Gordy's a gem. My 16 year old bought a bow from him in September and I couldn't have been more pleased in terms of how he worked with my son in helping him to get it set up.


----------



## ESOX (Nov 20, 2000)

Beat you to it ages ago Kelly. My last two deer this year were taken with a 
1978 Bear Grizzly Recurve (Origonal owner, and last year for the Grayling plant)
and a Browning Custom Hunter, probably 20 years old.


Every time I find myself looking at bows, I ask myself "WHY? Will this make for a cleaner kill? A more satisfying hunt?" The answer is always no. so I save lots of money.

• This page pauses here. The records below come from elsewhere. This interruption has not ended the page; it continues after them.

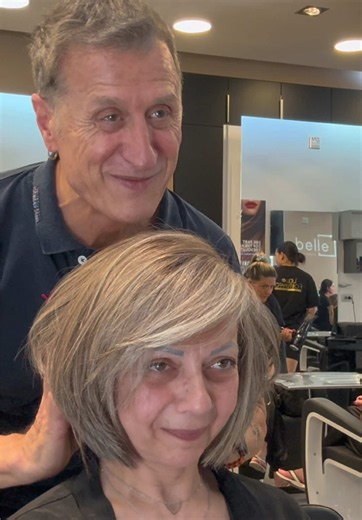 Taglio capelli che fa sembrare 15 anni più giovane: prima e dopo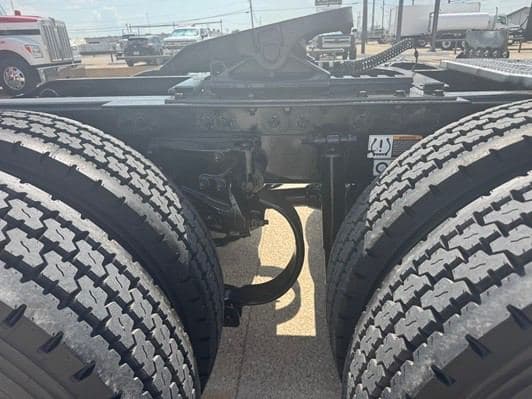 2022 Peterbilt 579 image 11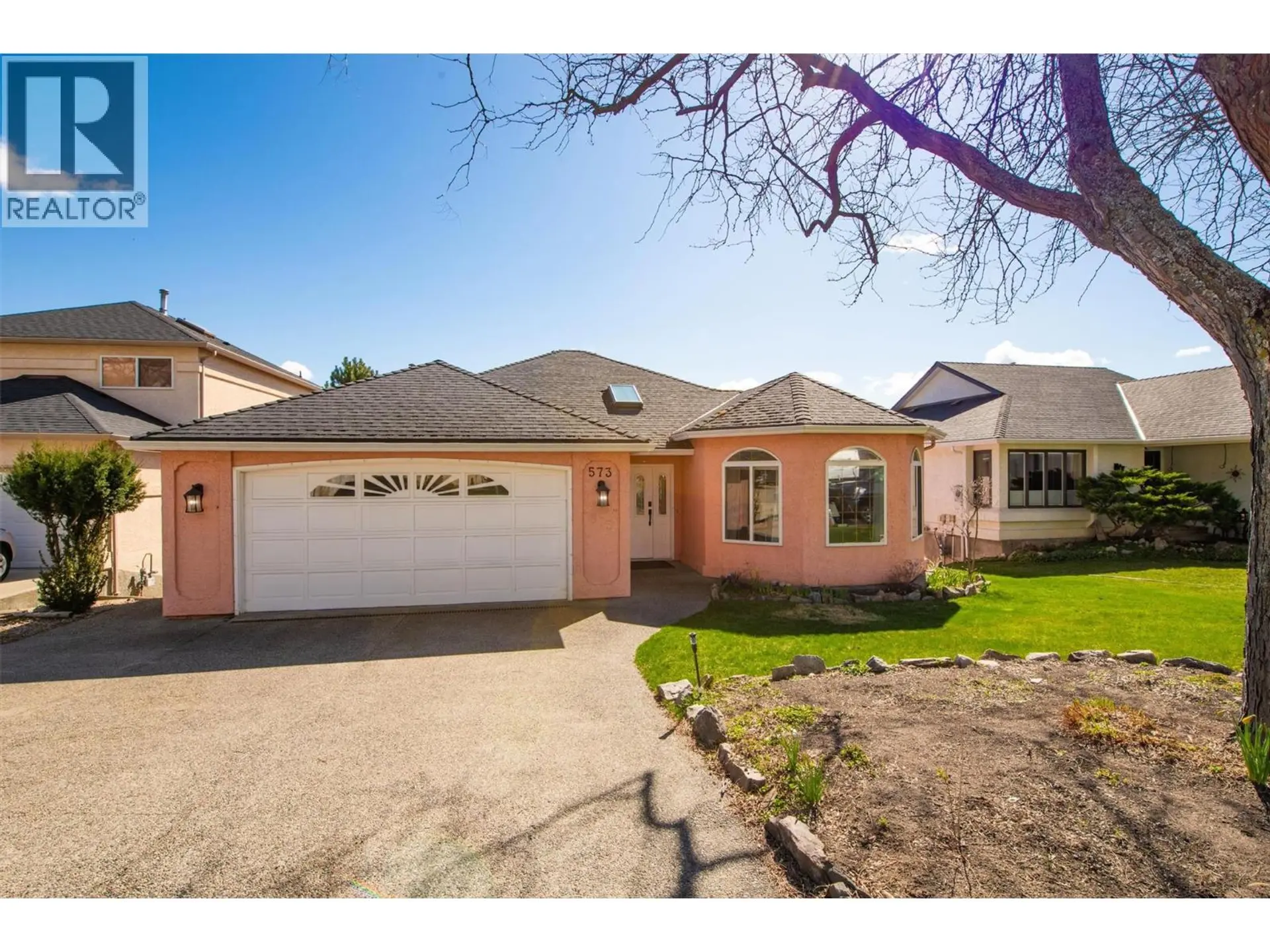 Property at 573 Spruceview Place N, Kelowna, BC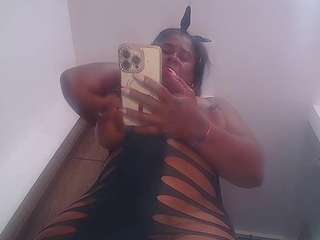 greatnipplesxxx webcam model stream image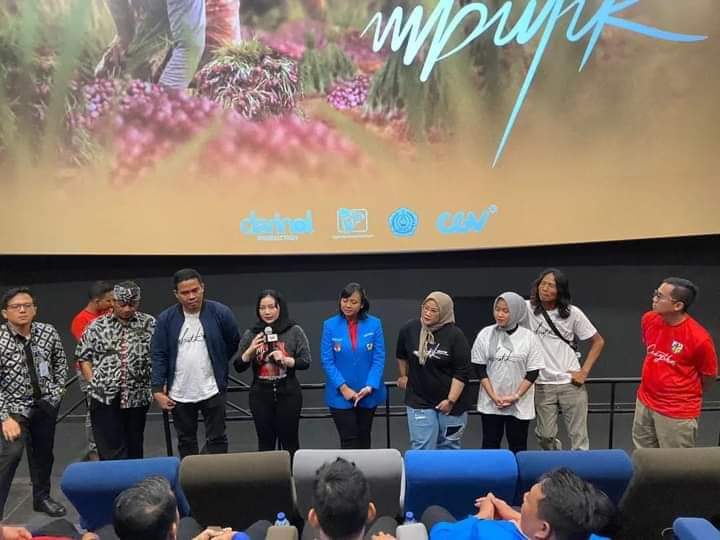 Film Mbutik karya Rizal Wimba diperpanjang masa penayangannya sampai 11 Juni, dari sebelumnya 8 Juni.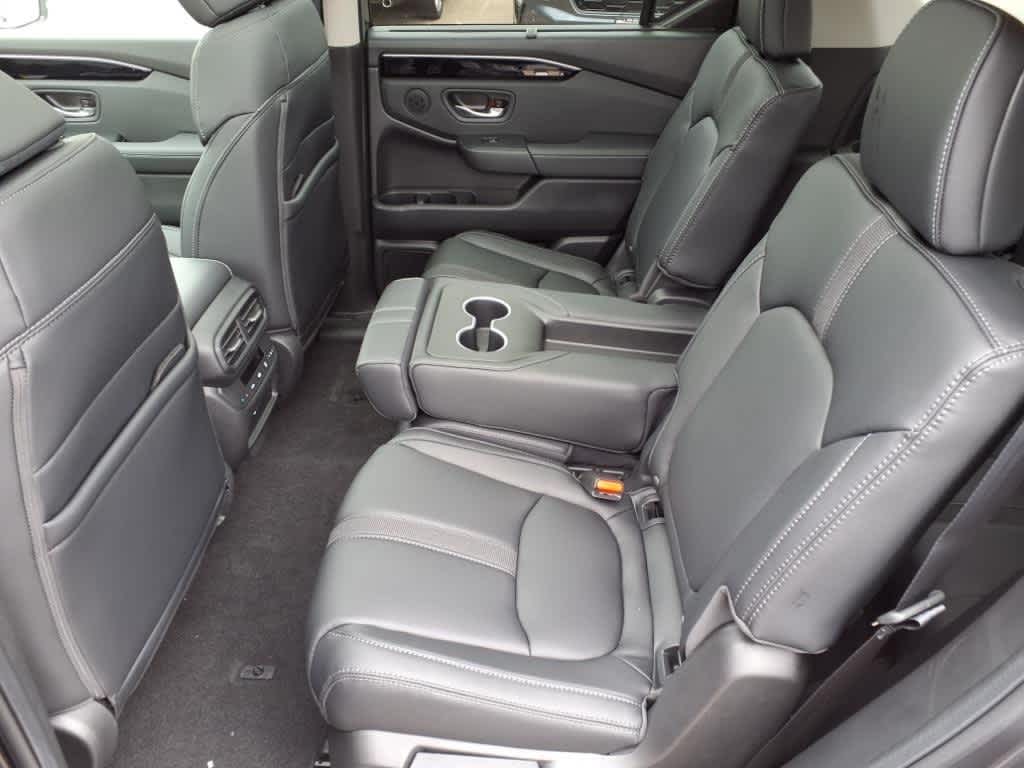 Thumbnail: 2025 Honda Pilot - 9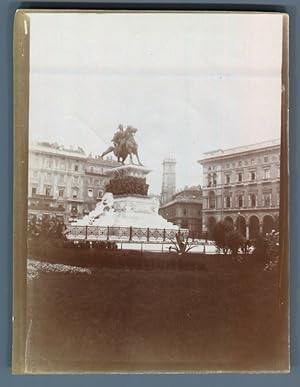 Italia, Milano, Statua di Vittorio Emanuele
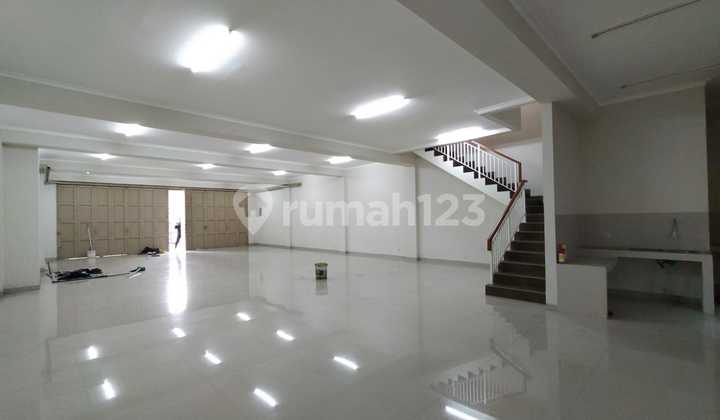 For Rent 2-Story Shophouse in Crowded Pagarsih Area 1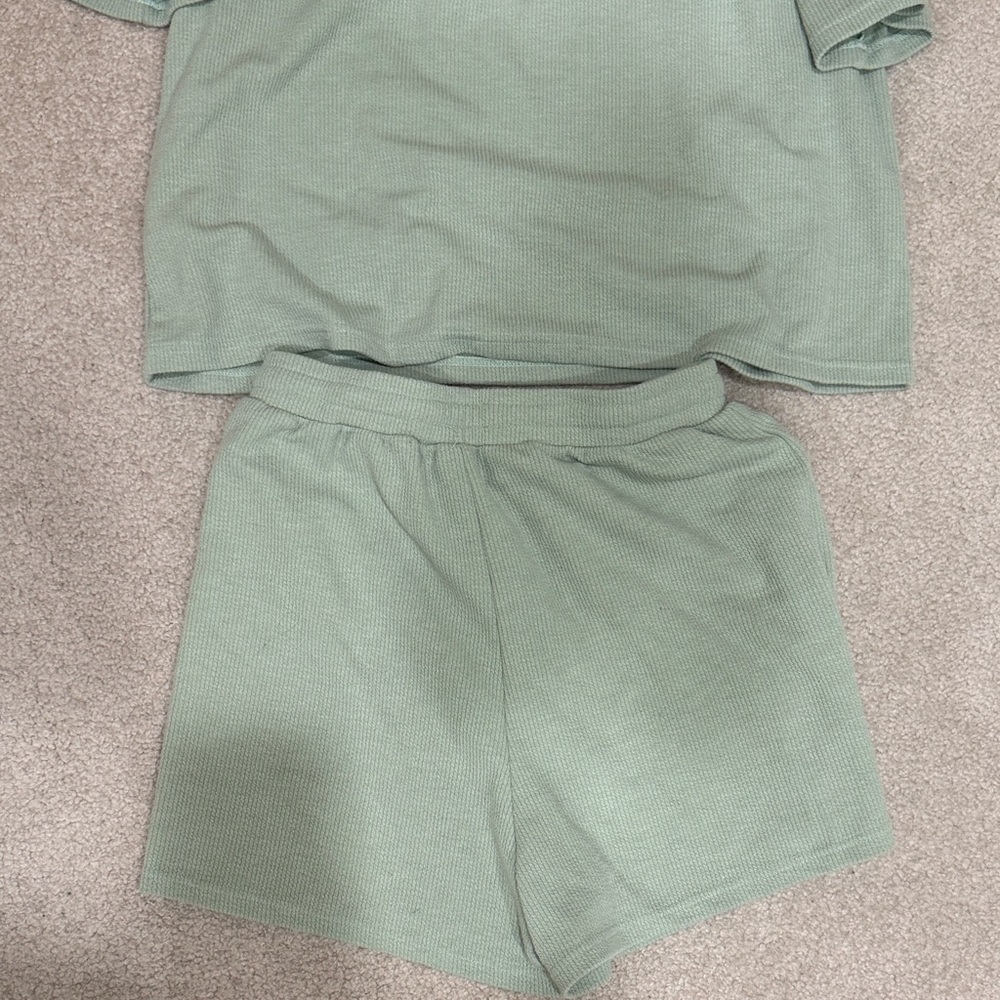 Green Short Sleeve Top and Shorts Set - Picture 5 of 5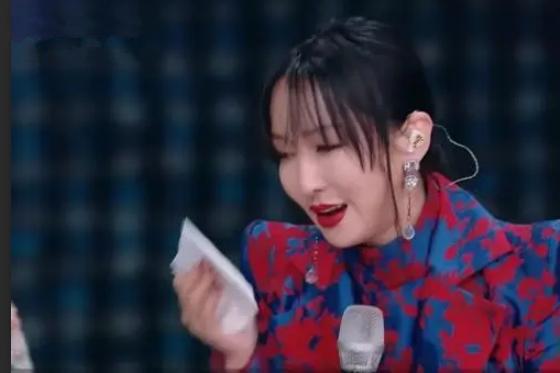 萨顶顶的“假唱转话筒事件”,萨顶顶假唱转话筒事件视频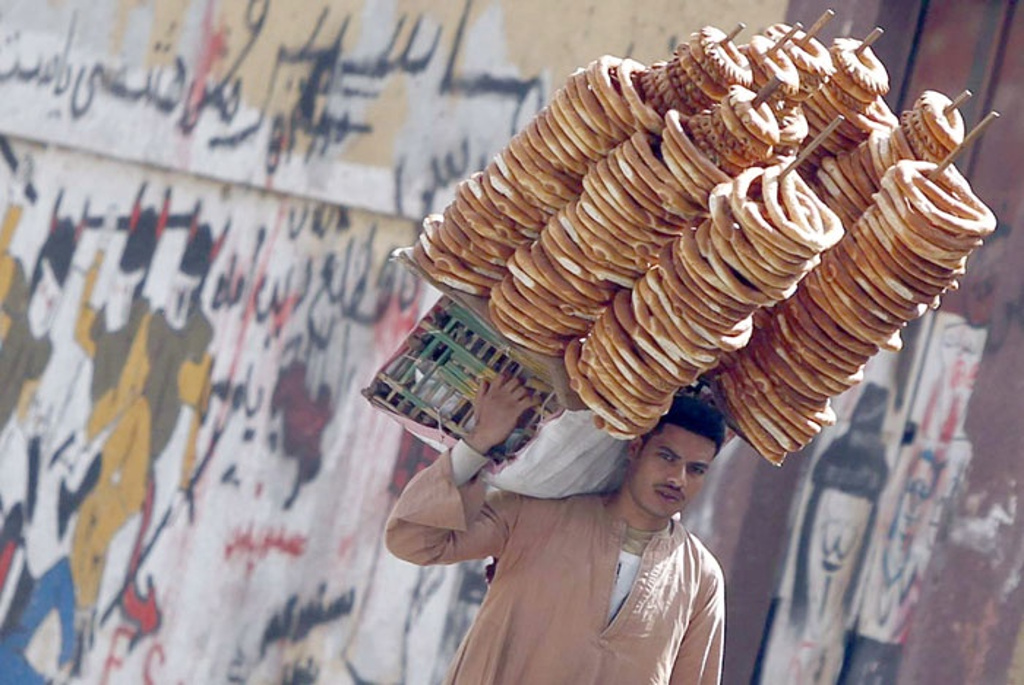  Vendedor de bagels comida callejera en el cairo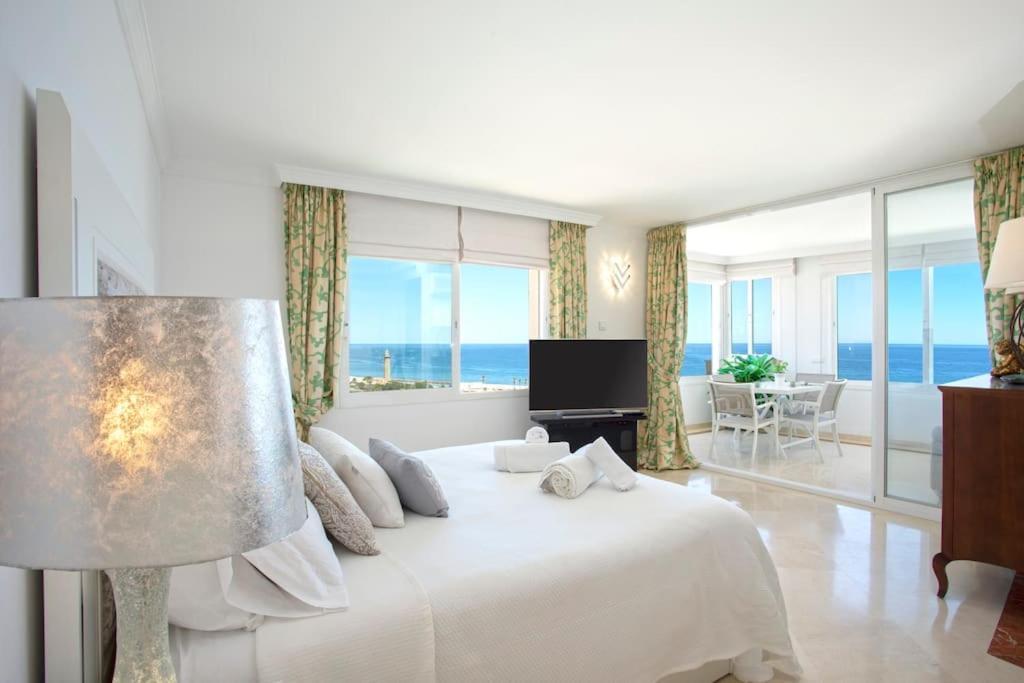 Estepona Luxury Seafront Penthouse With Parking Exterior photo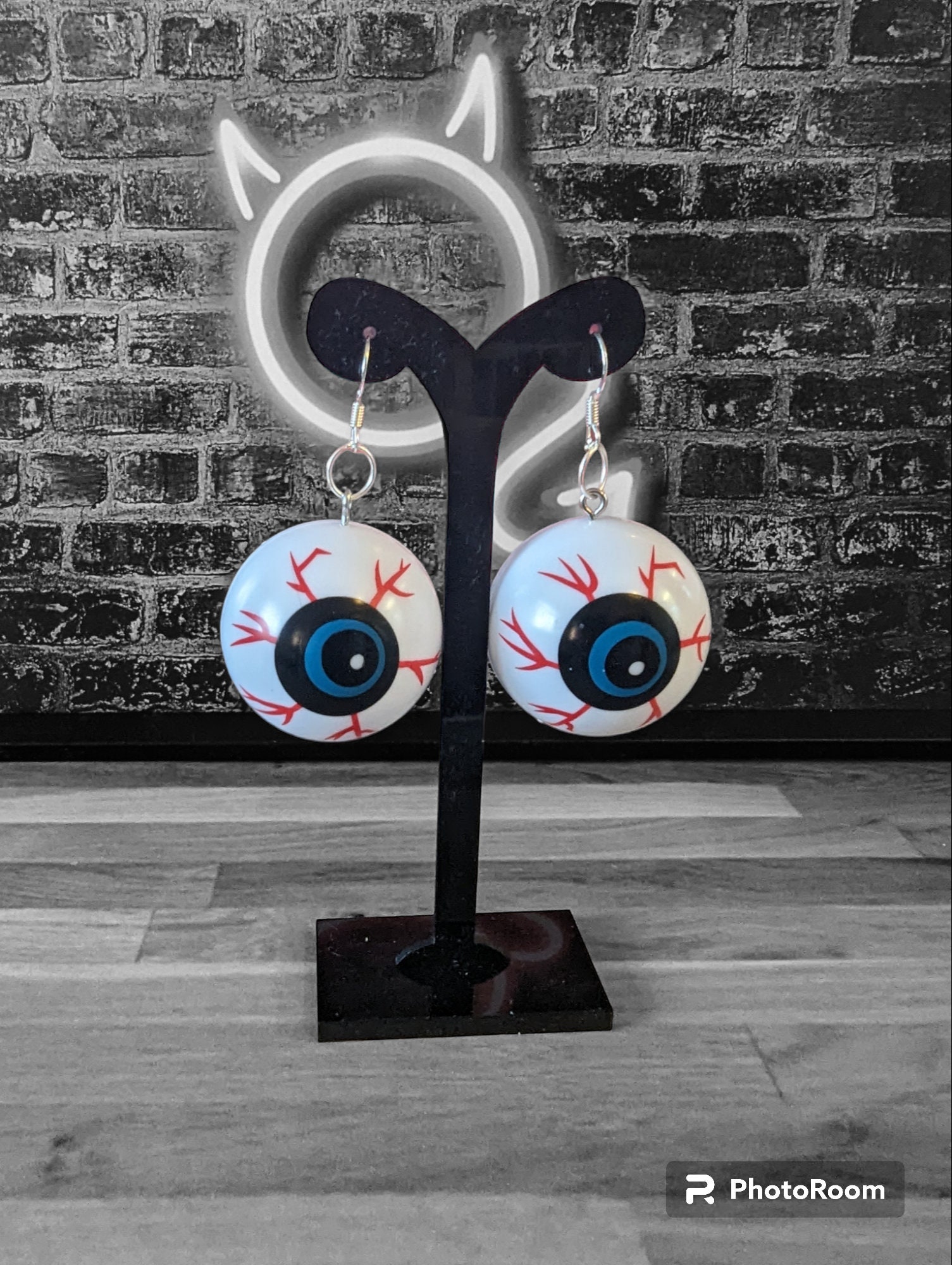 1 Decorative Eyeballs Sold in Pairs 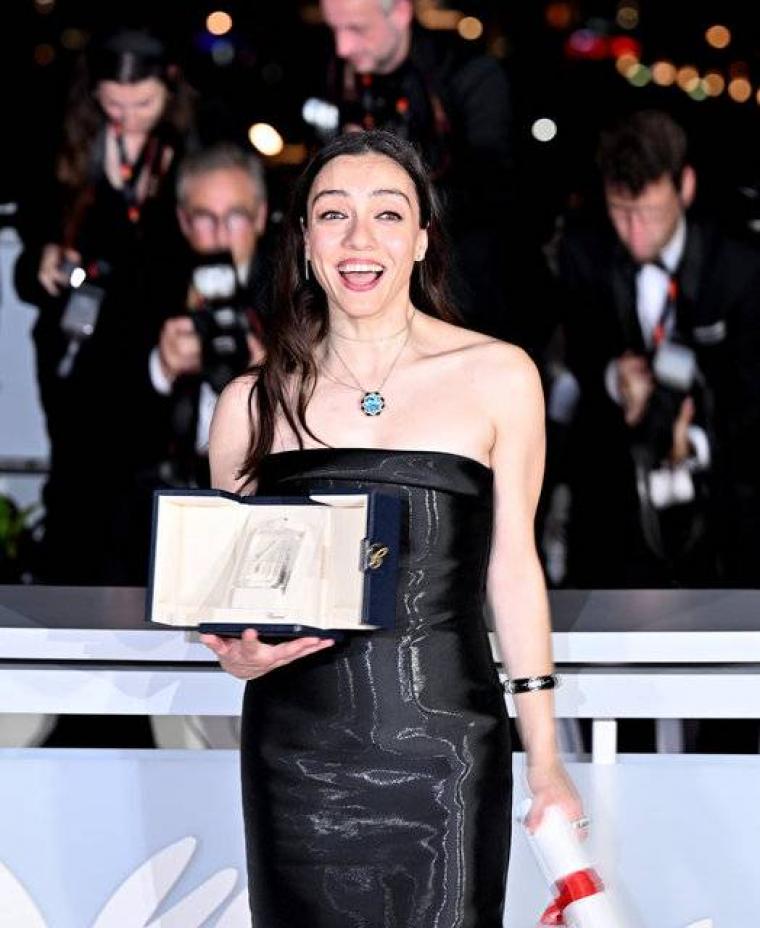 Merve Dizdar’ın Cannes’da ödül alırken giydiği kıyafetin markası olay yarattı! 1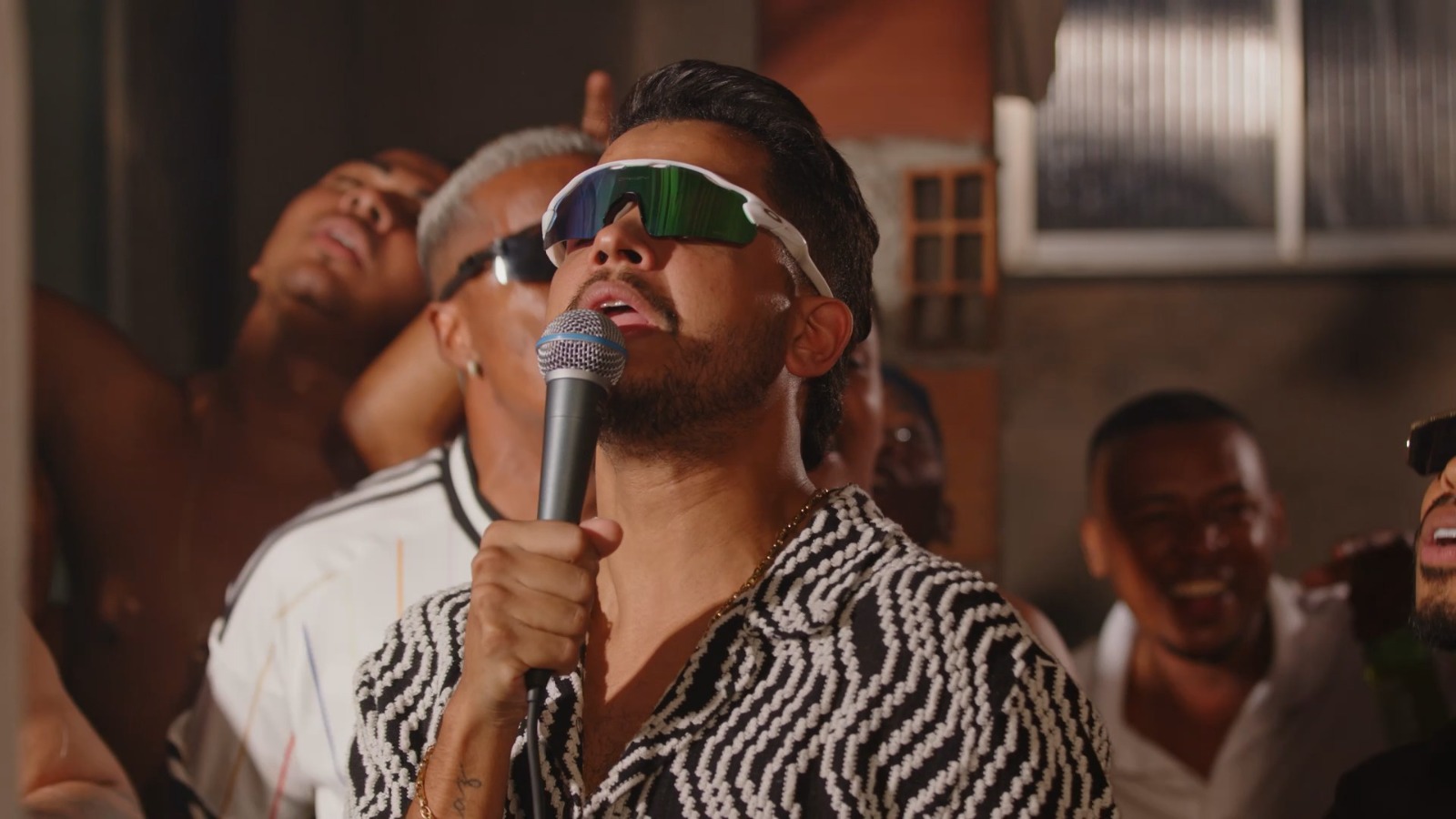 Imagem de Mikael Santos lança clipe de hit nacional “Meu Bem Querer”, gravado em Salvador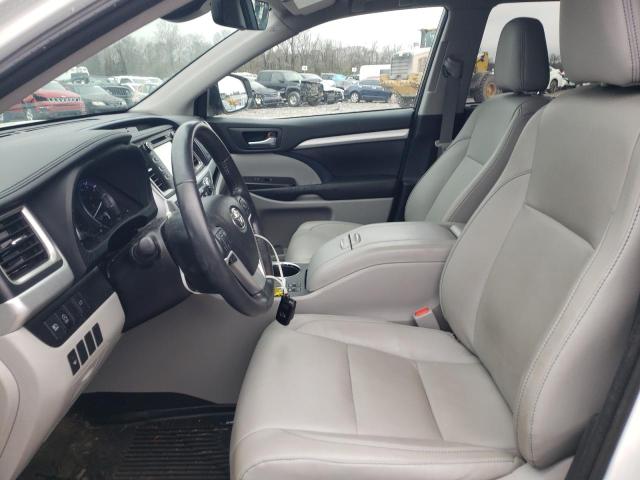 Photo 7 from auction – 2018 TOYOTA HIGHLANDER with VIN 5TDJZRFH9JS540733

If only I could exhibit such self controll in the fishing and gun depertments....:yikes::lol:

Thankfully the crossbow option is still there, the shoulder is getting screwy again.


----------



## 3fingervic (Jan 28, 2009)

As a youth, I had a Pearson Blazer bought as an xmas gift. I was deadly accurate, well, as accurate as a 12 year old can be. The first bow I bought for myself was a Bear/Jennings(can't remember the name). It was inexpensive, the camo was crappy, it was slow, had like a 40" ata. It was very comfortable and accurate. I could hit a pop cap at 20 yards with that bow. I hated that bow. I sold it, and bought an XI Flatliner. It was short for the time 36-37", it was fast 240ish AMO, and I liked the camo pattern. I was never really accurate with that bow. I have been chasing the dragon ever since. The bow I have now is ok, but it's not that Bear. I'm left handed, so shooting a lot bow bows is usually difficult.


----------



## plugger (Aug 8, 2001)

I once shot a bow to prove the hype was just that. I thought the bow was overpiced, over advertised and realy nothing special. After a dozen shots I can honestly say I bought that switchback without hesitation.


----------



## Falk (Jan 18, 2005)

plugger said:


> I once shot a bow to prove the hype was just that. I thought the bow was overpiced, over advertised and realy nothing special. After a dozen shots I can honestly say I bought that switchback without hesitation.


Same exact thing happened to me. One fine shooting bow.


----------



## beenfarr (Dec 8, 2008)

Kelly Johnson said:


> As we get closer to the indoor season a thought came to me.
> 
> NorthJeff once mentioned this as well I belive.
> 
> ...


Good advice but...you know me...and I can't do it! :lol: I have a mind like a steel trap when I get something in my head. I want speed! Unfortunately I never find the speed I'm looking for. I could honestly shoot any brand bow if it first was fast, and secondly felt good. But it has to shoot fast. By the time my short draw sucks all of the life out of the bow I still want to see 310-315 fps. It's a sickness...maybe I need an intervention! :evil:

Ben


----------



## letthemgrow (Dec 13, 2009)

Love the idea of advertising and hype being taken out of th picture, new does not always mean better. Look on ebay I am sure you can go back to your old bow type, that guy wants the latest and the greatest.

Thanks for the post


----------